Combining this equality with (5.5) and (5.7) it follows that for every \(x\in S\setminus F\)

$$\begin{aligned} E_x^{f^z}\left[ e^{-2|\lambda \Vert C\Vert T_F -| \lambda |B^*}\right] \le e^{ \lambda \alpha [V_{\alpha ,\lambda } (x) -V_{\alpha ,\lambda }(z)]} \le E_x^{f^z}\left[ e^{2|\lambda \Vert C\Vert T_F +| \lambda |B^*}\right] , \end{aligned}$$

and via Lemma 5.1(i) this leads to

$$\begin{aligned} e^{-|\lambda | B/\delta } e^{-| \lambda |B^*} \le e^{ \lambda \alpha [V_{\alpha ,\lambda } (x) -V_{\alpha ,\lambda }(z)]} \le e^{|\lambda | B/\delta } e^{| \lambda |B^*}. \end{aligned}$$

Finally, using (5.17), this relation implies that \( \alpha |V_{\alpha ,\lambda } (x) -V_{\alpha ,\lambda }(z)| \le B^* +B/\delta = 2B^*\) for every \(x\in S\setminus F \), completing the verification of the inequality (5.8).\(\square \)

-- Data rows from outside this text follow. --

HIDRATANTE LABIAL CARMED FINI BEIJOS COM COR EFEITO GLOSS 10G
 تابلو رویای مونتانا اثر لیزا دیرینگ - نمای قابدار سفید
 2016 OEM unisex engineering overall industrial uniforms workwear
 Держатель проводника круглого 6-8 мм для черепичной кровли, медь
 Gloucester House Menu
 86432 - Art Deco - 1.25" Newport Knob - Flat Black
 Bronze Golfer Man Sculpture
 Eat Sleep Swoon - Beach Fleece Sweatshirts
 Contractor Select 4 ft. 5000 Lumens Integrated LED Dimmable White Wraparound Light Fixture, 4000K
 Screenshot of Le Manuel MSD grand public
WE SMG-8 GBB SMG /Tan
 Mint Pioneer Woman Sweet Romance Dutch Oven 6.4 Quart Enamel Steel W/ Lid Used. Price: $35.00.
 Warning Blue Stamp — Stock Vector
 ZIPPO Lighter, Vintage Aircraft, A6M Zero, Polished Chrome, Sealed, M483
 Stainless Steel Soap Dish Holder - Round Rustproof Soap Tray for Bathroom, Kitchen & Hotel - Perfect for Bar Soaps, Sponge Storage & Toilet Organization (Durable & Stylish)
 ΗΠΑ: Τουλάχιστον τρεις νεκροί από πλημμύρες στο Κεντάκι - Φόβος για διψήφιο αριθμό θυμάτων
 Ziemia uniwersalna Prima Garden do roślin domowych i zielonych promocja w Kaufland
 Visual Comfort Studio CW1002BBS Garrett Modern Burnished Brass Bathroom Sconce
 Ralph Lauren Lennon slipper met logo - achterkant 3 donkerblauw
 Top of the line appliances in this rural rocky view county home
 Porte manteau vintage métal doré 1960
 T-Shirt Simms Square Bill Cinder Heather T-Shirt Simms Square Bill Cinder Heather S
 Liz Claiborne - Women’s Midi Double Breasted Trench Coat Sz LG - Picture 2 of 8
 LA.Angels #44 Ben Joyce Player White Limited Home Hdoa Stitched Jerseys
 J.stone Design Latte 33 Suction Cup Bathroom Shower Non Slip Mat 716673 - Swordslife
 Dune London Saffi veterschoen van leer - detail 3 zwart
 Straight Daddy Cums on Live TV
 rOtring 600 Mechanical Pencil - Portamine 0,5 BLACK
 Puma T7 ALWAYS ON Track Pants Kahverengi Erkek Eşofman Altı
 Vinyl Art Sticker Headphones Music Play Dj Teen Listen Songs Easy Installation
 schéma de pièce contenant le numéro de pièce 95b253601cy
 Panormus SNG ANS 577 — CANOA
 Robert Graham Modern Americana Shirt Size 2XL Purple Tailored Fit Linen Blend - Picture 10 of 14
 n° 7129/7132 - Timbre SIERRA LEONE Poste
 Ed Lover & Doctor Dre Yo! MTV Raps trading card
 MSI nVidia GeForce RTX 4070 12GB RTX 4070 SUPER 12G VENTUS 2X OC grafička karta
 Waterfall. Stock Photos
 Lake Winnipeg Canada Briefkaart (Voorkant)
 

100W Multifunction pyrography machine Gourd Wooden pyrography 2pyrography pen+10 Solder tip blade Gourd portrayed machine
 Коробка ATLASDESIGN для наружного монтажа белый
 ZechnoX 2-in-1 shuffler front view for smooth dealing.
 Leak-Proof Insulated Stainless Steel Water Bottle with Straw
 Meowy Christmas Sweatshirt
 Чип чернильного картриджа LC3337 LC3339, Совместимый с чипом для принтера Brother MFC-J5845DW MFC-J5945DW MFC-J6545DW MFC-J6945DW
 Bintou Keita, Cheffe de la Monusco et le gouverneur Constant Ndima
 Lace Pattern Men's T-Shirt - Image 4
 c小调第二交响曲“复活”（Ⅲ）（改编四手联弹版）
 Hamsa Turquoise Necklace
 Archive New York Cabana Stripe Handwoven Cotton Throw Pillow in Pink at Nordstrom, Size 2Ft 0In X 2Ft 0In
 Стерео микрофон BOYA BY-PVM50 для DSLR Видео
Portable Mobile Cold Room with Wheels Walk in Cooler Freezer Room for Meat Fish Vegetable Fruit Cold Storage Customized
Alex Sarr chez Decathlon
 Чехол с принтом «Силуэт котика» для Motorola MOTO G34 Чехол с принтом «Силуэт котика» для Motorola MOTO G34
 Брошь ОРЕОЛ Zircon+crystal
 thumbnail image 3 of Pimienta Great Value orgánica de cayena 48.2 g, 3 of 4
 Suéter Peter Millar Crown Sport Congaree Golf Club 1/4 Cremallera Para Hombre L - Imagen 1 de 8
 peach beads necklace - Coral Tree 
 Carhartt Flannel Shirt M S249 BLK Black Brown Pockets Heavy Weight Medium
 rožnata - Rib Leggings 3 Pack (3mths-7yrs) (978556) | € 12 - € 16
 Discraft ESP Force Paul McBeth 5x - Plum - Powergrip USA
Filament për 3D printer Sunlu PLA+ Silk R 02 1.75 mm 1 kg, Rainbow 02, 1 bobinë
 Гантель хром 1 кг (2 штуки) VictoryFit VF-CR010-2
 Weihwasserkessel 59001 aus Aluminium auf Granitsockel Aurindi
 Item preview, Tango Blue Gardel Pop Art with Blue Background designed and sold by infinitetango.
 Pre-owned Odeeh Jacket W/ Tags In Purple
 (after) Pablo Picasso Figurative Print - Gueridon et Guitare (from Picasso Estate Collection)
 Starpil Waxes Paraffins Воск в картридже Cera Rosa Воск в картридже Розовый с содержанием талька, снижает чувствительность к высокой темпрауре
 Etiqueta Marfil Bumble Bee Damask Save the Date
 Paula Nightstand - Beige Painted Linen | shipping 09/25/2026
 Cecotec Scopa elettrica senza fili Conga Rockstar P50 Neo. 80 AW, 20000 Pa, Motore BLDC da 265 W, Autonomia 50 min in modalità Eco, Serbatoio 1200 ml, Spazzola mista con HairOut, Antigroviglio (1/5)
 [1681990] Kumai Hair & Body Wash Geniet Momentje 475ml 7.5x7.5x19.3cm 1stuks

6 Proof of the uniform boundedness theorem

In this section a proof of Theorem 4.1 will be presented. Throughout the remainder

$$\begin{aligned} z\in F\quad \hbox {and}\quad \lambda \in (-\delta , \delta )\setminus \{0\} \end{aligned}$$

are arbitrary but fixed, and for each \(\alpha \in (0, 1)\) the function \(h_{\alpha ,\lambda }\in \mathcal {B}(S)\) is given by

$$\begin{aligned} h_{\alpha , \lambda } (x) = \alpha [V_{\alpha ,\lambda }(x) -V_{\alpha ,\lambda }(z)],\quad x\in S. \end{aligned}$$

(6.1)

Observe the following relation between \(h_{\alpha ,\lambda }\) and \(g_{\alpha ,\lambda }\) in (5.5):

$$\begin{aligned} g_{\alpha ,\lambda }(x) - g_{\alpha ,\lambda }(z) = {1-\alpha \over \alpha } h_{\alpha , \lambda } (x), \end{aligned}$$

(6.2)

and note that (5.4), (5.5) and Theorem 5.1 imply that

$$\begin{aligned} |g_{\alpha ,\lambda }(z)| \le \Vert C\Vert \quad \hbox {and}\quad |h_{\alpha ,\lambda }(x)|\le B,\quad x\in S, \quad \alpha \in (0,1), \end{aligned}$$

(6.3)

where

$$\begin{aligned} B: = 2B^*. \end{aligned}$$

From this point, Cantor’s diagonal method yields that there exists a sequence \((\alpha _n)\subset (0,1)\) such that

$$\begin{aligned} \alpha _n \nearrow 1, \end{aligned}$$

(6.4)

and the following limits exists:

$$\begin{aligned} \lim _{n\rightarrow \infty } g_{\alpha _n,\lambda }(z)&= g^*\in [-\Vert C\Vert , \Vert C\Vert ], \nonumber \\ \lim _{n\rightarrow \infty } h_{\alpha _n,\lambda }(x)&= h_\lambda ^*(x)\in [-B , B ],\quad x\in S; \end{aligned}$$

(6.5)

combining these two last displays with (6.2) it follows that

$$\begin{aligned} \lim _{n\rightarrow \infty } g_{\alpha _n,\lambda } (x)= g^*,\quad x\in S. \end{aligned}$$

(6.6)

Now, let \(f_{\alpha ,\lambda }\in \mathbb {F}\) be the stationary policy in (5.6). Since \(\mathbb {F}\) is a compact metric space, taking a subsequence of \((\alpha _n)\), if necessary, without loss of generality it can be assumed \((f_{\alpha _n,\lambda })\) converges in \(\mathbb {F}\):

$$\begin{aligned} \lim _{n\rightarrow \infty } f_{\alpha _n,\lambda }(x) = f_\lambda ^*(x)\in A(x),\quad x\in S. \end{aligned}$$

(6.7)

Proof of Theorem 4.1

It will be shown that the pair \((g^*, h_\lambda ^*(\cdot ))\) in (6.5) is a solution of the \(\lambda \)-optimality Eq. (4.1). To begin with, multiply both sides of (5.3) by \( e^{-\lambda [\alpha V_{\alpha , \lambda }(z) + (1-\alpha ) V_{\alpha , \lambda }(x)]}\) to obtain, via (2.2), (5.5) and (6.1), that for every \(x\in S\)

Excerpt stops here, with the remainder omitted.